--- DATA PROVIDED Enclosed Below ---

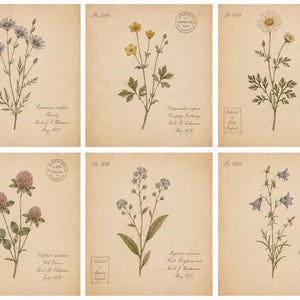 May include: A set of six botanical prints on aged parchment paper, each featuring a different wildflower illustration with handwritten labels, collection numbers, and dates. The flowers include blue chicory, yellow buttercups, daisies, red clover, forget-me-nots, and bluebells.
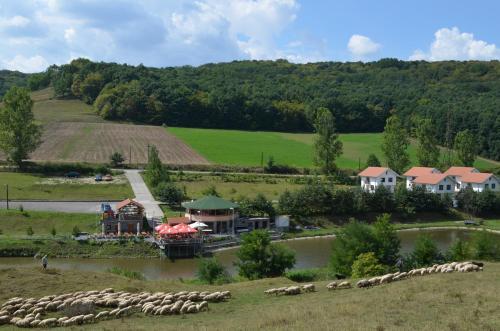 Hostal Pensiune Denisa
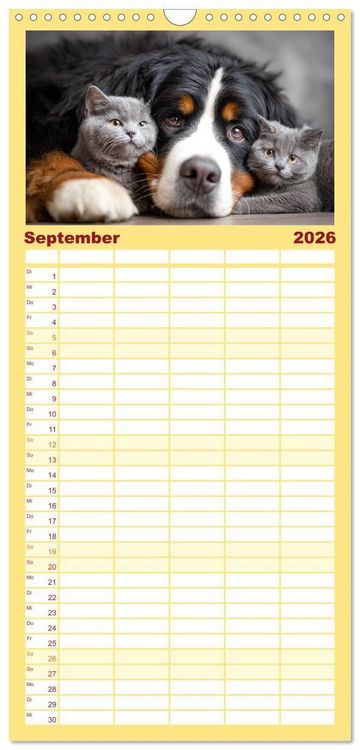 Produktbild: Familienplaner 2026 - Hund und Katze - Tierische Freunde mit 5 Spalten (Wandkalender, 21 x 45 cm) CALVENDO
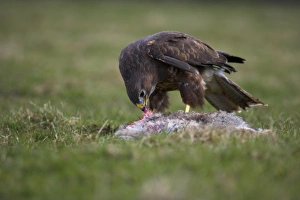 One Bird Only Prints: Buzzard eating rabbit, Buteo buteo, captive, United Kingdom, Europe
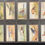 Thumbnail: Scottish C.W.S Feathered Favourites Non Adhesive White Border Cigarette Cards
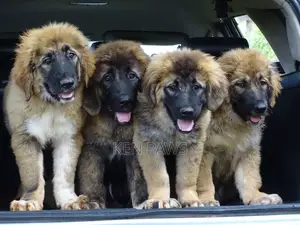 1-3 months Male Purebred Caucasian Shepherd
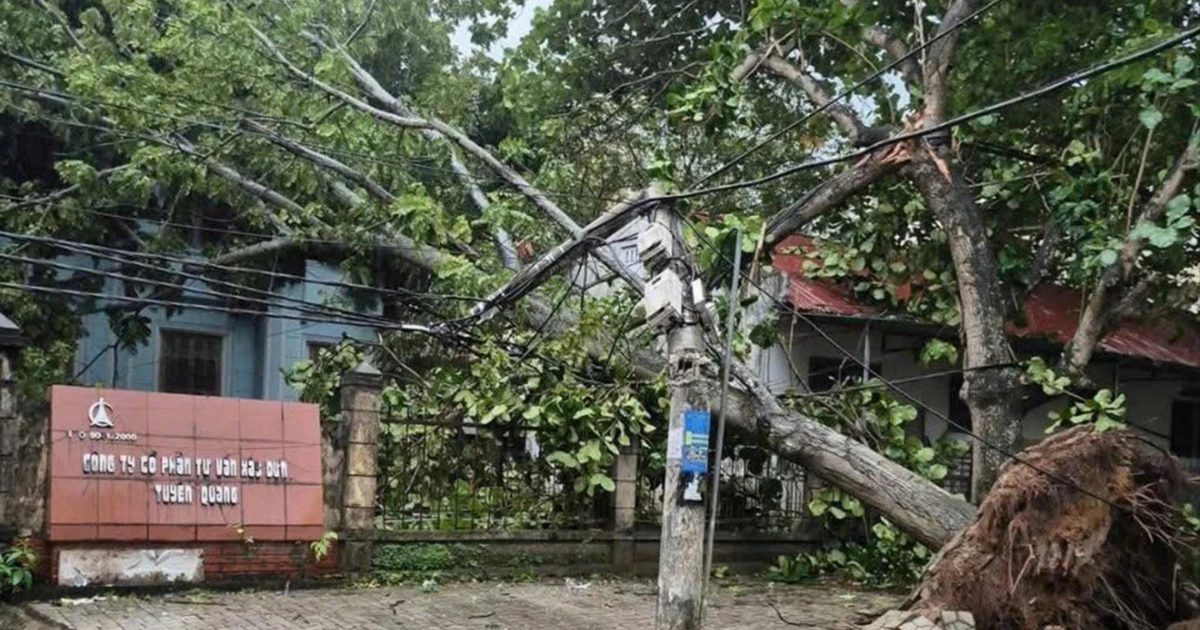 Khuyến cáo bảo đảm an toàn điện trong mùa mưa bão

--- End of Enclosed DATA PROVIDED ---

ASSIGNMENT: Transcribe only the lines above that start at the line containing "Hostal Pensiune Denisa" and end at the line containing "Thumbnail: Scottish C.W.S". Omit pictures.

TASK RESULT:
 Hostal Pensiune Denisa
 Produktbild: Familienplaner 2026 - Hund und Katze - Tierische Freunde mit 5 Spalten (Wandkalender, 21 x 45 cm) CALVENDO
 One Bird Only Prints: Buzzard eating rabbit, Buteo buteo, captive, United Kingdom, Europe
 Thumbnail: Scottish C.W.S Feathered Favourites Non Adhesive White Border Cigarette Cards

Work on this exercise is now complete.